If an entry contains a picture, leave the picture out and reproduce everything else in the records below exactly.

** RECORDS SHOWN follows **

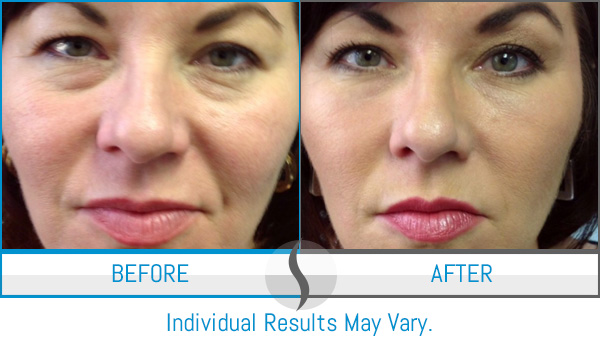 Before & After - Spa Blue Skin Care & Laser Center Orlando, FL Before & After - Spa Blue Skin Care & Laser Center Orlando, FL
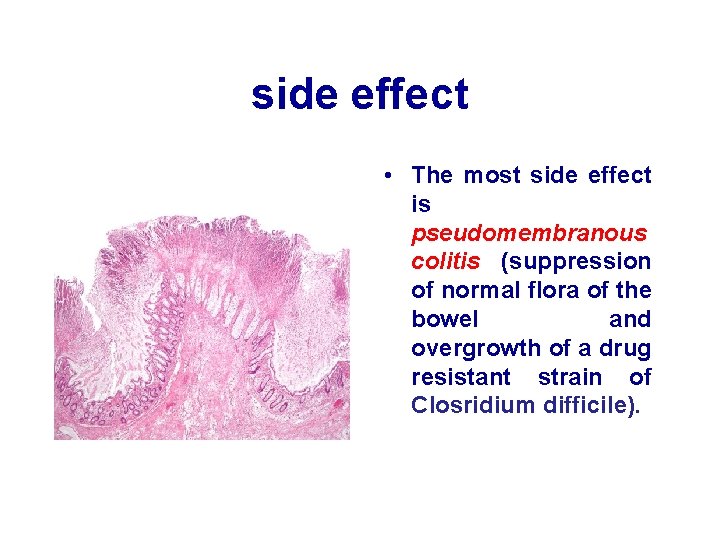 side effect • The most side effect is pseudomembranous colitis (suppression of normal flora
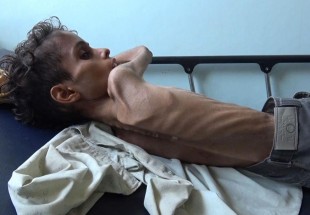 Yemen calls for more humanitarian aid from Turkey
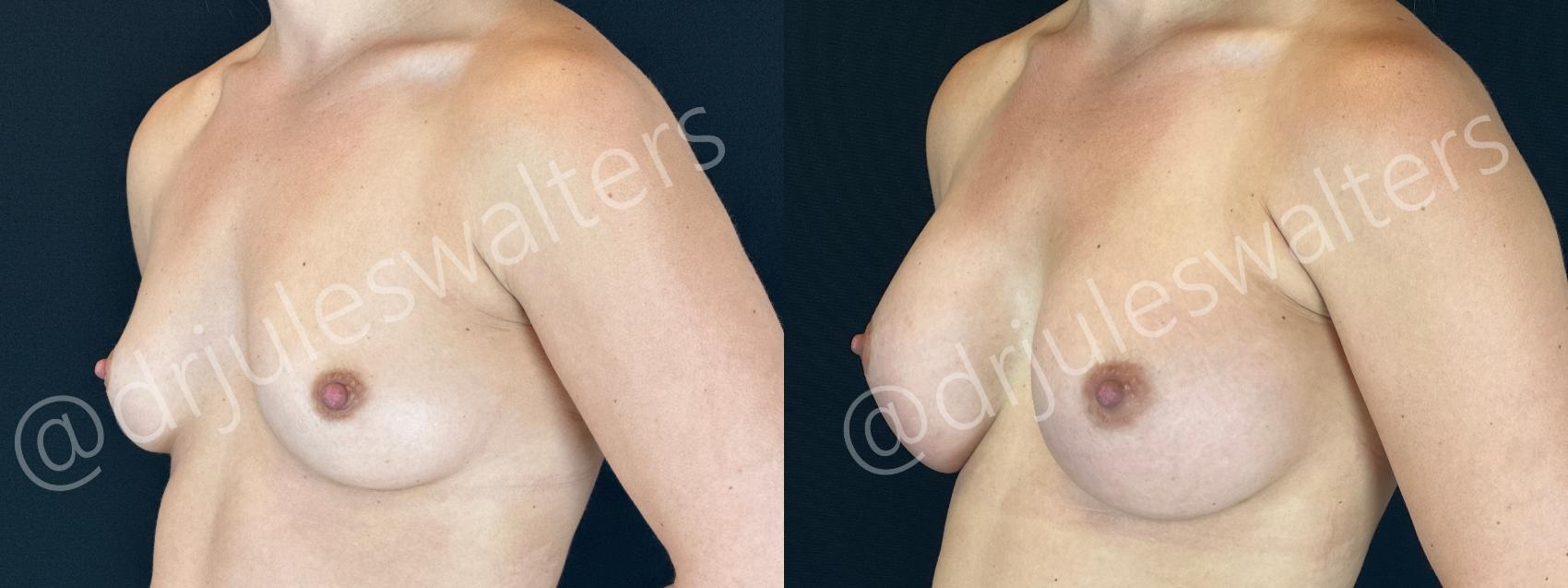 Before & After Breast Augmentation Case 155 Left Oblique View in Metairie and New Orleans, LA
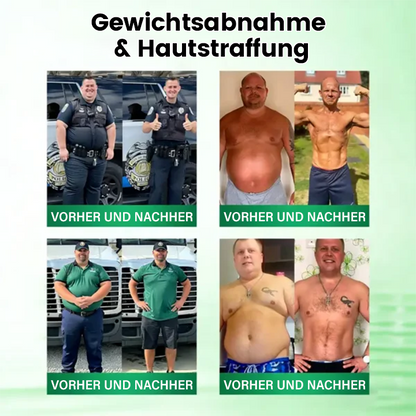 Offizieller Store | ☀️☀️ Timilk® Moringa · Berberin × NAD+ 10-in-1 Advanced Nano-Mikronadel-Patch GER (Nur einmal täglich anwenden – sichtbare Veränderungen in 7 Tagen)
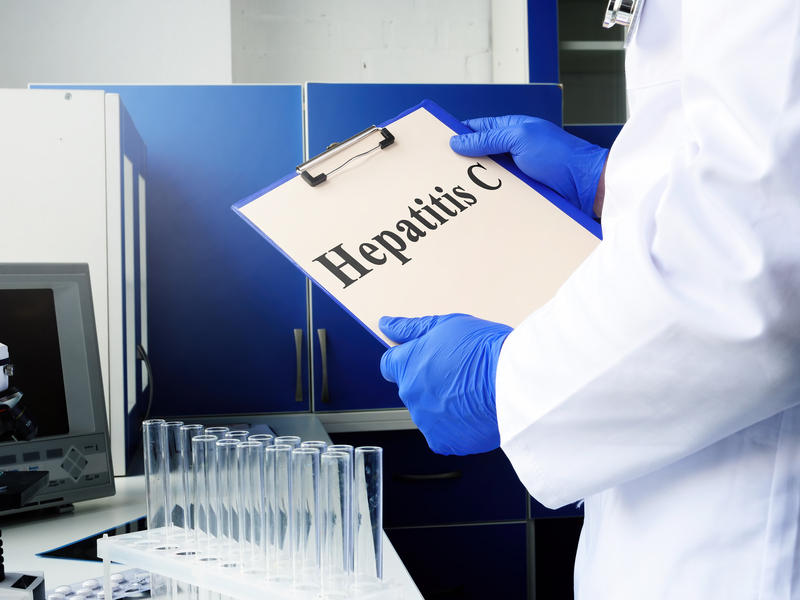 Hepatită, Foto: Dreamstime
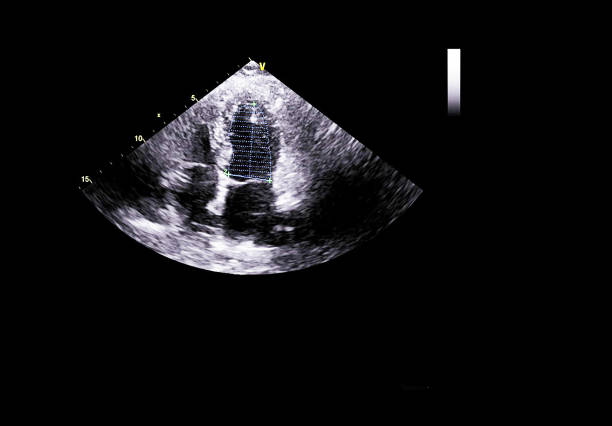 istock Screen of echocardiography (ultrasound) machine. 1181846546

** End of RECORDS SHOWN **

WRITTEN RESPONSE
 Before & After - Spa Blue Skin Care & Laser Center Orlando, FL Before & After - Spa Blue Skin Care & Laser Center Orlando, FL
 side effect • The most side effect is pseudomembranous colitis (suppression of normal flora
 Yemen calls for more humanitarian aid from Turkey
 Before & After Breast Augmentation Case 155 Left Oblique View in Metairie and New Orleans, LA
 Offizieller Store | ☀️☀️ Timilk® Moringa · Berberin × NAD+ 10-in-1 Advanced Nano-Mikronadel-Patch GER (Nur einmal täglich anwenden – sichtbare Veränderungen in 7 Tagen)
 Hepatită, Foto: Dreamstime
 istock Screen of echocardiography (ultrasound) machine. 1181846546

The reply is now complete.